Under the pre-approval procedure for “General Pre-Approval”, our Chief Financial Officer in conjunction with our principal accountants must make a proposal to our Audit Committee for the types of services and estimated fee levels of each category of services to be generally pre-approved. Such proposal must be made no less frequently than annually. The Audit Committee will discuss the proposal and if necessary consult with outside professionals as to whether the proposed services would impair the independence of our principal accountants. If such proposal is accepted, our Audit Committee will inform our CFO and principal accountants of the services that have generally been pre-approved and included in a “General Pre-Approved List”.

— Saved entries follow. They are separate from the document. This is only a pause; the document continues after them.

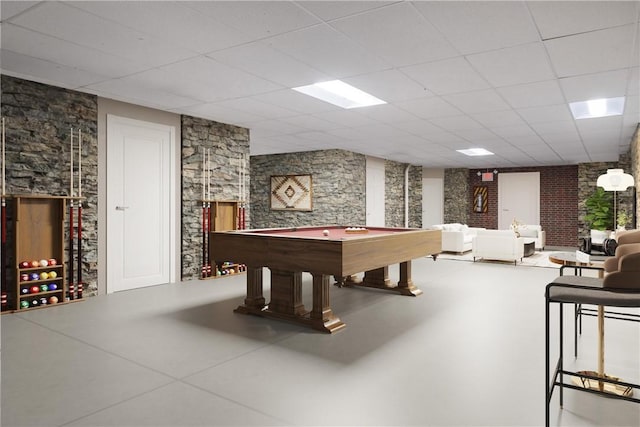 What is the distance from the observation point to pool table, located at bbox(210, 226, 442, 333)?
3.32 metres

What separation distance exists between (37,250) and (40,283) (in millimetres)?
356

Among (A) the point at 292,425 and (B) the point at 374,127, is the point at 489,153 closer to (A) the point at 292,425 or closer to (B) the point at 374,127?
(B) the point at 374,127

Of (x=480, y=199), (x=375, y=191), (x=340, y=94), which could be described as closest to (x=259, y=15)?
(x=340, y=94)

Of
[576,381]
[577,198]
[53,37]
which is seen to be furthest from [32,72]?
[577,198]

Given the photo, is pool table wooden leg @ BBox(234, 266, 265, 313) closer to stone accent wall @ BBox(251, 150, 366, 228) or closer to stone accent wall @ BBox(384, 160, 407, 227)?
stone accent wall @ BBox(251, 150, 366, 228)

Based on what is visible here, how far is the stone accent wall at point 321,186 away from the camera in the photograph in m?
9.35

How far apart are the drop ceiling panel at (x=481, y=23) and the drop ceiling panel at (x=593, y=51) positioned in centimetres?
A: 34

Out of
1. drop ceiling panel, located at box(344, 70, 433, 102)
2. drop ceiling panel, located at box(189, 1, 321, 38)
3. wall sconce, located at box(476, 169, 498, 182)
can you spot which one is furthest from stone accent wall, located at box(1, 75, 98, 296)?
wall sconce, located at box(476, 169, 498, 182)

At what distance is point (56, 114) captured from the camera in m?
4.60

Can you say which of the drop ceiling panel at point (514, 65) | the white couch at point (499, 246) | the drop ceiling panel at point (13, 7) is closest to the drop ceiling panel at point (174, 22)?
the drop ceiling panel at point (13, 7)

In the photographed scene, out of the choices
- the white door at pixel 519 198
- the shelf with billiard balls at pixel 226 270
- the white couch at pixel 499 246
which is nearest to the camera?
the shelf with billiard balls at pixel 226 270

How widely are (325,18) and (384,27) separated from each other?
1.51 feet

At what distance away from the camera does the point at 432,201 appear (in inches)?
551

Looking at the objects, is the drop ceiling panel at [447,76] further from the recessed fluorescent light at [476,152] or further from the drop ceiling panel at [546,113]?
the recessed fluorescent light at [476,152] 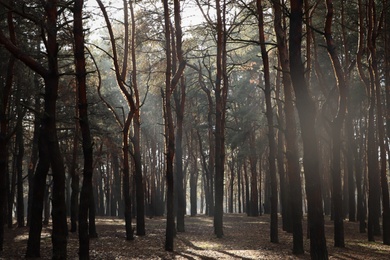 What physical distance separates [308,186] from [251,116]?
22.1 meters

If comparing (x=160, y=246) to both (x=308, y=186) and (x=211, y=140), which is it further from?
(x=211, y=140)

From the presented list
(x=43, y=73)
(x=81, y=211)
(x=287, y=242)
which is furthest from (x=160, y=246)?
(x=43, y=73)

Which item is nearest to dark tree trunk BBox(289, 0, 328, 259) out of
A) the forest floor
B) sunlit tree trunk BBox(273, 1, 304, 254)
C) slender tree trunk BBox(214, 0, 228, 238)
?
the forest floor

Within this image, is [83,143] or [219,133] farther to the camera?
[219,133]

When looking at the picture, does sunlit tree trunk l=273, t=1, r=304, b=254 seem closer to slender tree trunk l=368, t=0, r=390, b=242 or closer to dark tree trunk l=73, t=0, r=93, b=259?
slender tree trunk l=368, t=0, r=390, b=242

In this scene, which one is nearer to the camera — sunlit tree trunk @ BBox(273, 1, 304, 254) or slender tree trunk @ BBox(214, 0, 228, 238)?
sunlit tree trunk @ BBox(273, 1, 304, 254)

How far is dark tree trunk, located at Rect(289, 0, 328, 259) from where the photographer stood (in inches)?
360

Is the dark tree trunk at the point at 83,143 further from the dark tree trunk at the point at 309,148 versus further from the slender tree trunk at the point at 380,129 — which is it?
the slender tree trunk at the point at 380,129

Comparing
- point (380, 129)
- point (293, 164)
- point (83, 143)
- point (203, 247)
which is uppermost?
point (380, 129)

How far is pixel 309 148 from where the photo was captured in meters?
9.24

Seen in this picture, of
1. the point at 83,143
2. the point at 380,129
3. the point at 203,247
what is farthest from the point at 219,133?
the point at 83,143

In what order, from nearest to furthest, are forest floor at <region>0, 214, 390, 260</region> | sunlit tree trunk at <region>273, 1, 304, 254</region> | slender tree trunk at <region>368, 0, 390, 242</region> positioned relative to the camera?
forest floor at <region>0, 214, 390, 260</region>, sunlit tree trunk at <region>273, 1, 304, 254</region>, slender tree trunk at <region>368, 0, 390, 242</region>

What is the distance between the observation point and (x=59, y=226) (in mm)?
9930

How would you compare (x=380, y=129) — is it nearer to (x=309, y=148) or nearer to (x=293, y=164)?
(x=293, y=164) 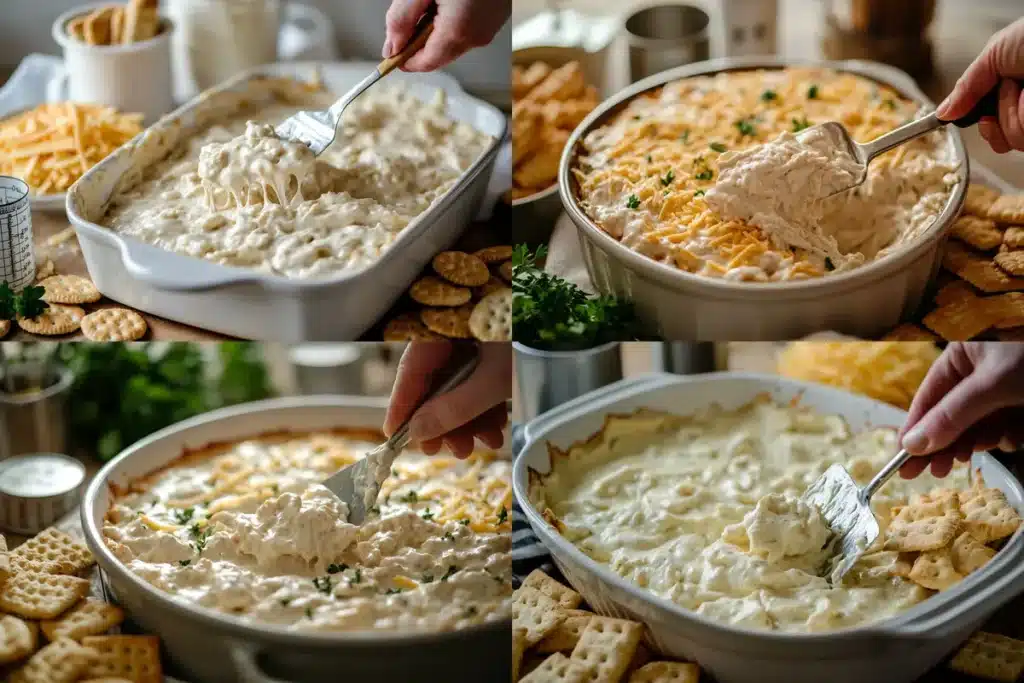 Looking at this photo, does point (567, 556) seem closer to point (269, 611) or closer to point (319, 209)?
point (269, 611)

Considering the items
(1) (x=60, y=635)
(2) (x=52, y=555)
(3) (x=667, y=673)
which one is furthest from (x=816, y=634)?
(2) (x=52, y=555)

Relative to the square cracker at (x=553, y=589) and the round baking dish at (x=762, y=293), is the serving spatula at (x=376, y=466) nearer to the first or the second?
the square cracker at (x=553, y=589)

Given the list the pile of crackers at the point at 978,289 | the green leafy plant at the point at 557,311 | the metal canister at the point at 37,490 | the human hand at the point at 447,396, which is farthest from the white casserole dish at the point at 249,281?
the metal canister at the point at 37,490

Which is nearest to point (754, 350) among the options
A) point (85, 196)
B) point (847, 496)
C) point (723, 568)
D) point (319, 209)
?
point (847, 496)

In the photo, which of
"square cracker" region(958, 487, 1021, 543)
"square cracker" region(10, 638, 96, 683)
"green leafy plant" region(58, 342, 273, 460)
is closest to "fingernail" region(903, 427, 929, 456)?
"square cracker" region(958, 487, 1021, 543)

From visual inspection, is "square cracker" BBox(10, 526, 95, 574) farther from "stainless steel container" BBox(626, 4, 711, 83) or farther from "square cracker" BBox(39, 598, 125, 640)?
"stainless steel container" BBox(626, 4, 711, 83)

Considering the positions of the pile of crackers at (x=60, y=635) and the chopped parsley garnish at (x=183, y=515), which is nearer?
the pile of crackers at (x=60, y=635)

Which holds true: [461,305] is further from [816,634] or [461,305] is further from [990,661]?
[990,661] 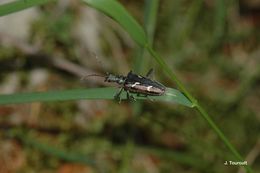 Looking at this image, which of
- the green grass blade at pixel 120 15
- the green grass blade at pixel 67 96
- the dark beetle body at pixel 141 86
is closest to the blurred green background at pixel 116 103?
the dark beetle body at pixel 141 86

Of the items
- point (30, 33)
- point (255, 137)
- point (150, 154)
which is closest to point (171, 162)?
point (150, 154)

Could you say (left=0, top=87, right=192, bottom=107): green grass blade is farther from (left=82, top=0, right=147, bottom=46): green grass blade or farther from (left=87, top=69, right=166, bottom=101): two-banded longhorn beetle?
(left=82, top=0, right=147, bottom=46): green grass blade

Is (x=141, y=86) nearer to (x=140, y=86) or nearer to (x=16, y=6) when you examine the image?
(x=140, y=86)

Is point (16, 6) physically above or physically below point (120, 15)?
above

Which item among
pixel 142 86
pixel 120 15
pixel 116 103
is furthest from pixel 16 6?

Under the pre-approval procedure for “Specific Pre-Approval”, if any proposed services are not on the General Pre-Approved List, our CFO must submit an application to our Audit Committee for such services. After reviewing the details and estimated fee levels for each engagement and if necessary consulting with outside professionals as to whether the proposed services would impair the independence of our principal accountants, our Audit Committee may make a specific pre-approval decision on these services. Also, if any approved services in the General Pre-Approved List exceed the fee levels prescribed on the List, our CFO must submit an application to our Audit Committee for new fee levels for such services. Our Audit Committee may make a pre- approval decision after reviewing the details of the services and the estimated fee levels for each engagement.

None of the services described in the first paragraph under this Item 16C were waived from the pre-approval requirement pursuant to Rule 2-01(c)(7)(i)(C) of Regulation S-X.

Item 16D. Exemptions from the Listing Standards for Audit Committees

Item 16E. Purchases of Equity Securities by the Issuer and Affiliated Purchasers

Not applicable.

PART III Item 17. Financial Statements

In lieu of responding to this item, we have responded to Item 18 of this annual report.